This week's show features Tunnels of Doom, an 8-bit classic rpg for the TI-99/4A. Enjoy, and please spread the word.
I'm curious what folks will think of the extra humor in this episode. Be sure to check out Ed Burns' amazing Tunnels of Doom website for more information about the game.
Great job, Matt! I had a buddy that lived down the street from me when I was growing up, and he had a TI-99/4A. I wish he had had this game. We didn't spend a lot of time on that system, but the keyboard with a cartridge slot made the machine feel more like a combination of a computer and gaming machine than the IBM PC 5150. (Not that I didn't play a bunch of games on the 5150!)
This game is certainly one that fits my tastes. I have always loved games that involve questing.
It is a shame that things went the way they did with the TI computer. Another gaming platform that you hope would have lasted longer.
Some people have called for the "one console future" - People look forward and would like to see a single game console that supports any games published for the current generation. While competition is a good thing among systems, it isn't really about the systems. It is about the games. While today's game consoles don't appear in numbers the way they did in the late 70s/early 80s, having too many platforms is bad.
The point of a game system is to deliver the hardware to the developer for creating games and to deliver it to the consumer for gaming. The games and creators of these games should not have their creative possibilities destroyed simply because the "delivery hardware" didn't succeed.
My main point in saying all of this is to ask the question - What if we did NOT have all of those computers in the early to mid eighties? What if we only had a single computer to play these games? This computer would obviously have to have been successful to support my hypothetical situation, but think about it - One computer system that allows creative minds to create their games and continue to be creative and succeed because they do not have to worry about their work going down the tubes simply because a machine wasn't commercially successful.
Matt - Didn't mean to piggyback your latest Matt Chat with this thought, but it became relevant in my mind when you mentioned the TI-99/4A, TRS-80, etc that was smashed by the C64.
I had a friend who talked about his TI, but I never saw it. He said it could talk. The TI is a mythical beast to me!
Great job as always, Matt, I don't think you could have done any better describing ToD. I have several modules for ToD, but I'm not sure if any of the Star Trek or Doctor Who creations are among them.
The TI-99/4a was very interesting, and I think if TI did THREE things sooner, it might have lasted, particularly given TI's company strength and financial resources, and especially considering that TI lasted into PC clones and did particularly well with PC laptops for a while before pulling out completely. Anyway, the first thing would have been to release the TI-99/4a FIRST, which didn't come out until 1981, and not the TI-99/4, which came out in 1979. They were essentially the same machine, but the TI-99/4a featured a full stroke keyboard, additional graphics modes, and lower case characters, all of which were much needed to be long-term competitive. The second thing TI could have done, would have been lower the price much sooner. The TI-99/4 came out at over $1100, and that's NOT in today's dollars, and, while the TI-99/4a was released for much less (partially because it didn't need a monitor bundled with it, something the previous model did to avoid FCC RF issues), but it still should have been lower. Third, and perhaps most egregiously, TI was NOT friendly to third parties creating and releasing products for their platform. If two or more of those things had not been the case, the TI-99/4a might have lasted through the crash, and we might have even seen the TI-99/8 released, which would have been particularly impressive.

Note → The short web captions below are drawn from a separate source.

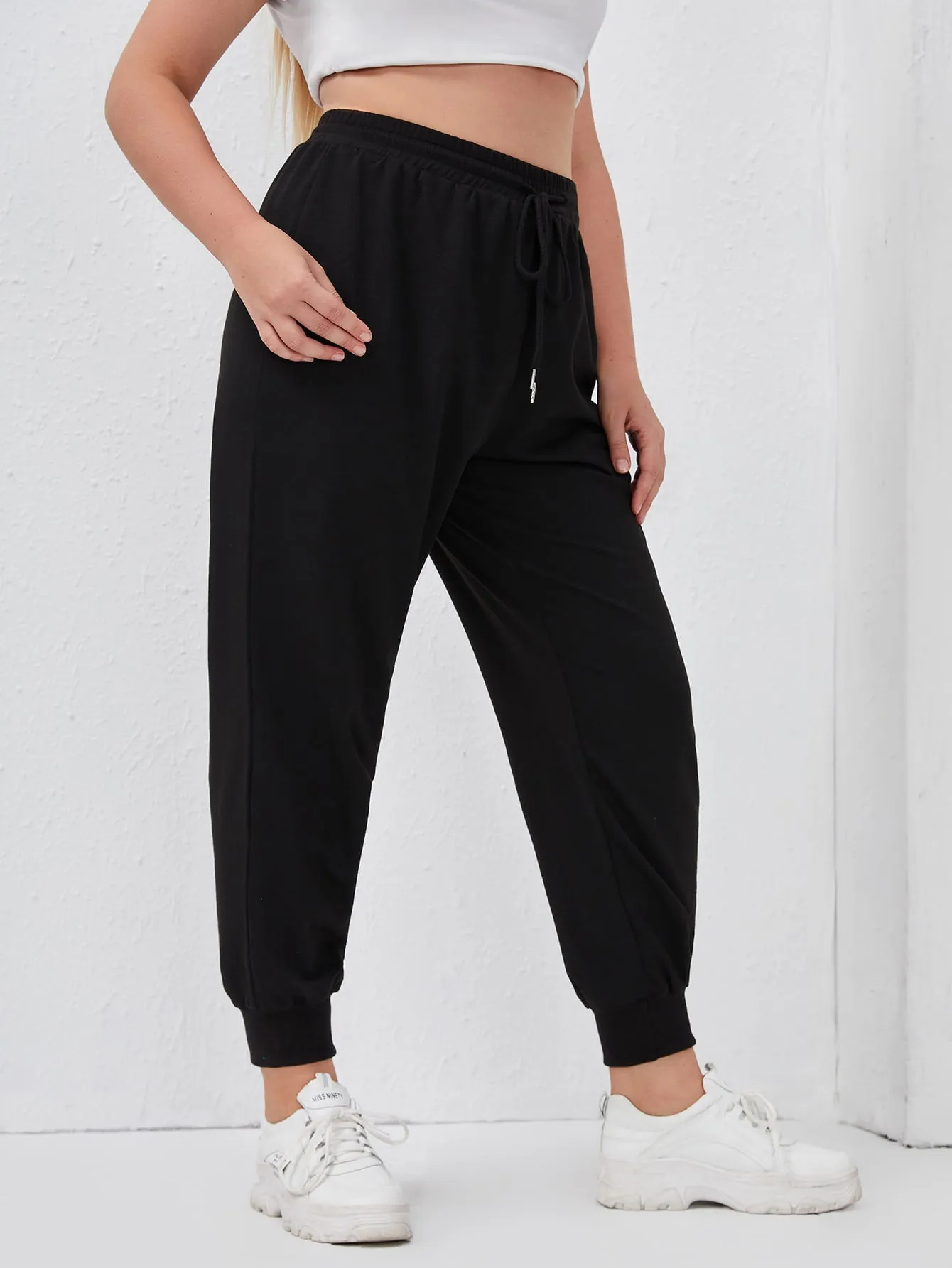 Letter Drawstring Natural Cropped Plus Size Sweatpants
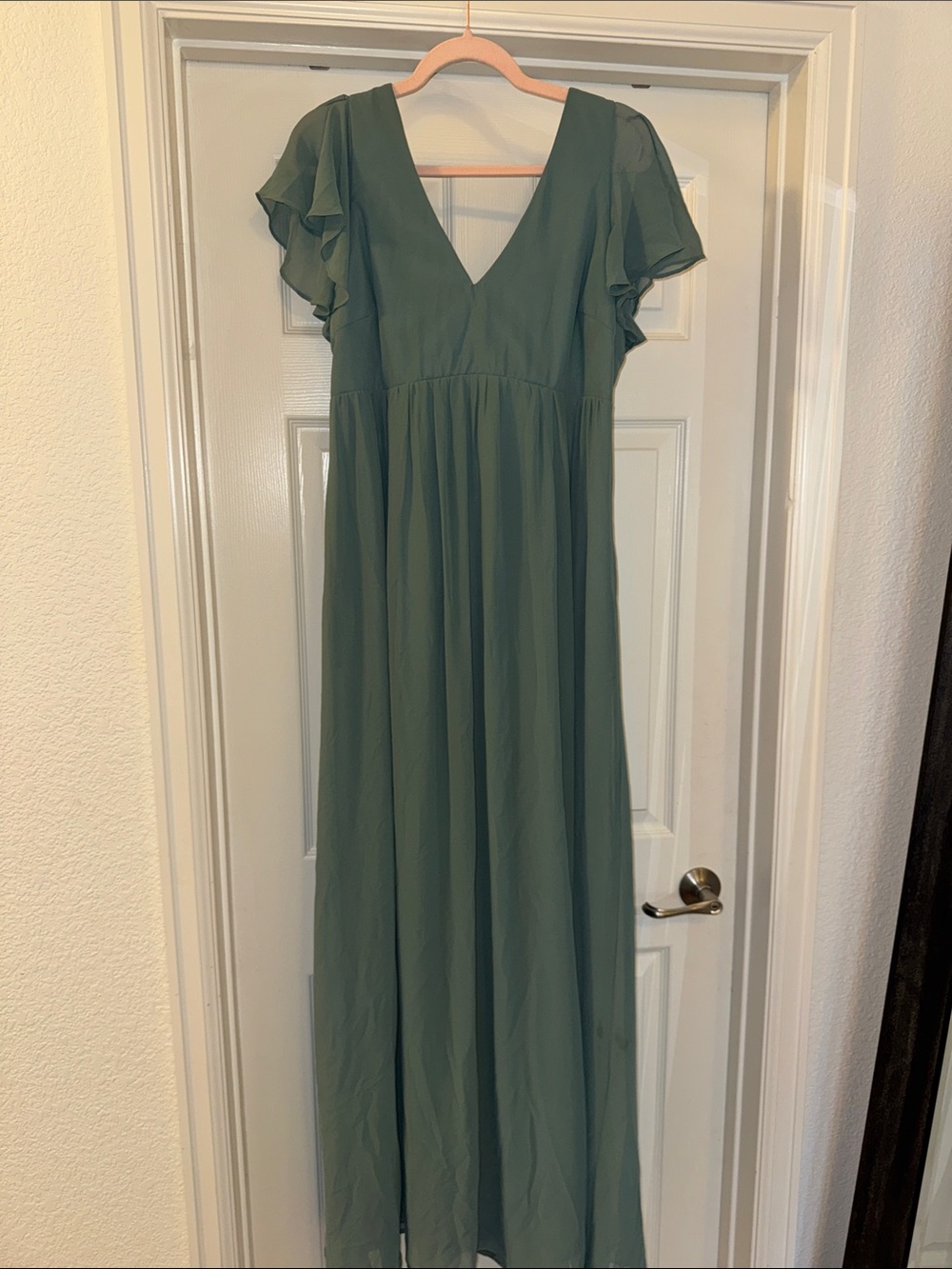 Birdy Grey Sage Green V-Neck Flutter Sleeve Maxi Dress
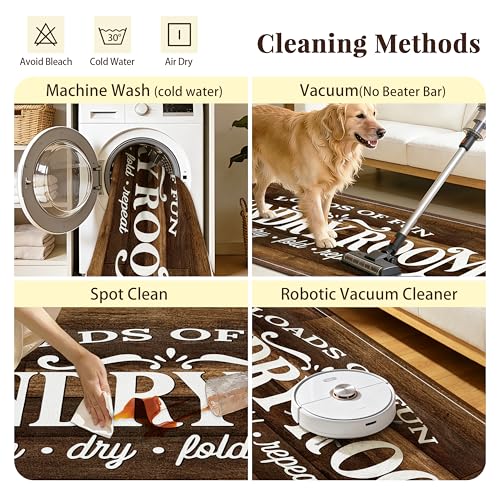 Washable Laundry Room Rug, 20x47 Inch Non-Slip Farmhouse Runner Mat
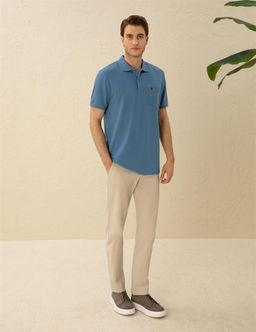 Koyu Mavi Regular Fit Basic Ti__rt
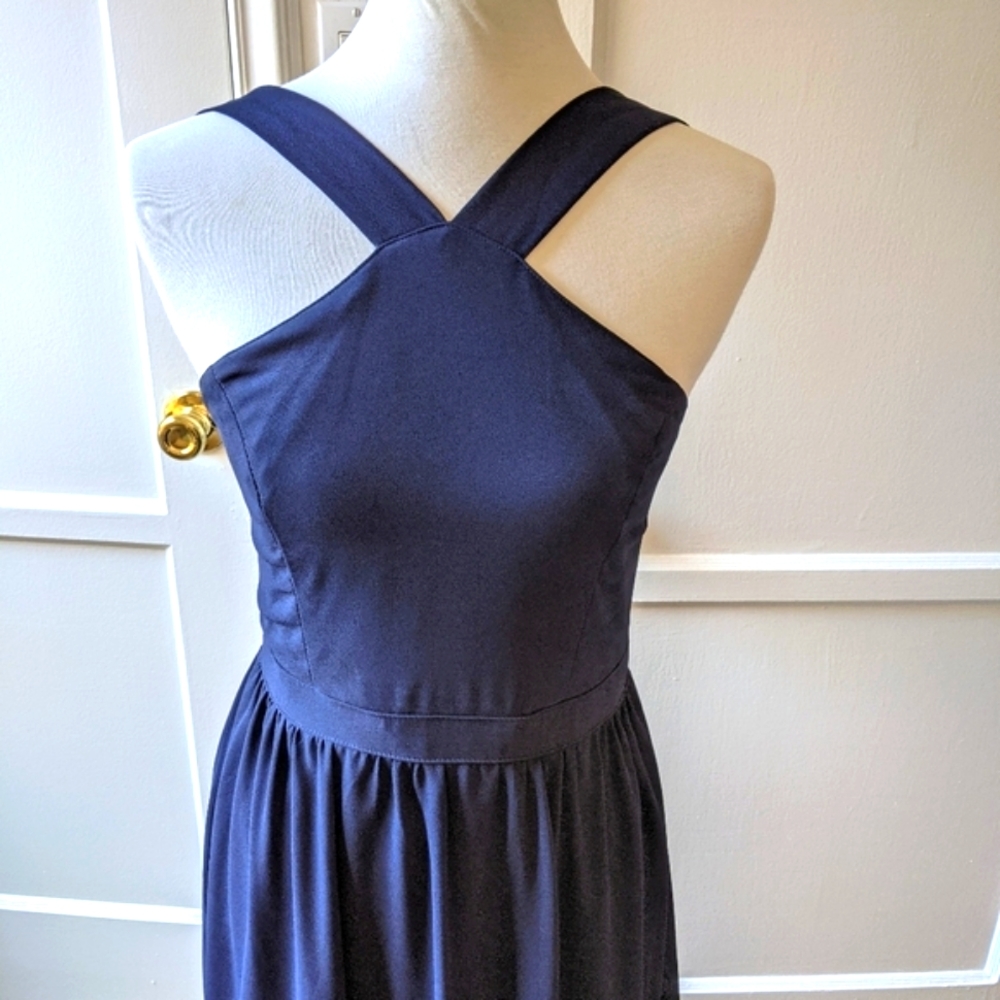 Lulu's Air of Romance Navy Blue Maxi dress Sz M - Picture 4 of 14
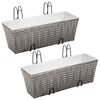 vidaXL Lits sur&eacute;lev&eacute;s de balcon 2 pcs 50 cm Gris R&eacute;sine tress&eacute;e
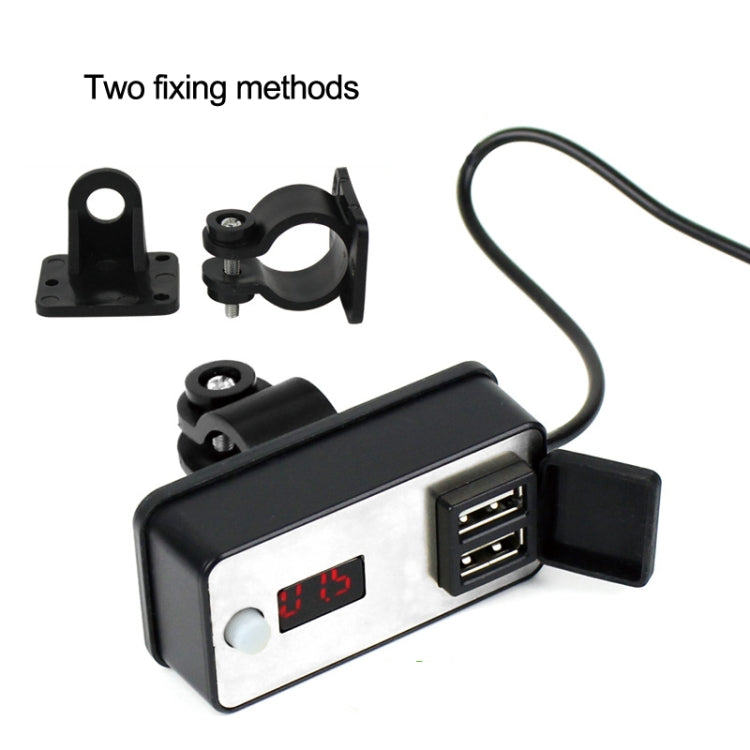 Digital Display Dual USB Universal Waterproof Motorcycle Mobile Phone Charger(2.4A 12-24V)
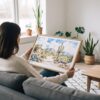 02 - A Woman Holding A Framed Saguaro National Park Watercolor - Horizontal Art Print.jpg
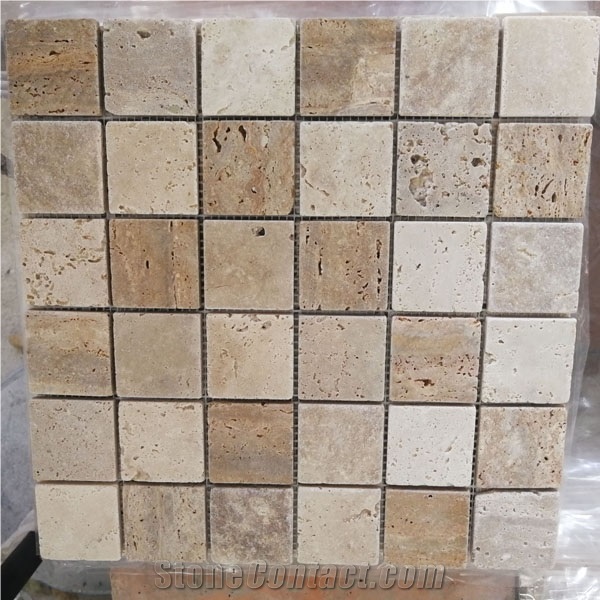 Travertine Stone Mosaic Tile with Mesh-Back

In any case, for a very short time, the TI-99/4a was I believe the best selling personal computer, but that's only after TI dropped the price ridiculously low (I believe at one point you could get the system for as low as $50) when they were clearing them out. This was of course in the face of stiff competition from Commodore with their Commodore 64, where Commodore was in complete control of the supply chain and were able to price all the competition out of business or to also-ran status. Of course the C-64 was nothing technically to sniff at either, offering 64K standard, when other systems were at 48K or, like the TI-99/4a, 16K.
Probably after I do my AA TV episodes on the TRS-80 - whenever that happens (been dealing with house stuff of late that has sucked up all my time) - I'm going to do the TI-99/4a next, since that's also out and about from when I was doing the Infocom captures with Rick Thornquist. Interestingly, I found the Infocom games looked quite pleasing font-wise on the TI-99/4a, though of course it required a Peripheral Expansion Box (PEB) with 32K memory and a disk drive, which was by no means a common configuration at the time (perhaps another factor against the TI-99/4a's ultimate success was the lack of an easy-to-set up disk-based system). Really, there are a bounty of interesting things created for the system, some right on the cusp of its unexpected death, like being the primary personal computer platform for the home PLATO system and for Milton Bradley's MBX, which greatly expanded the TI's game playing abilities and featured things like analog joysticks and speech recognition. I'll try to cover all that in the AA TV episodes.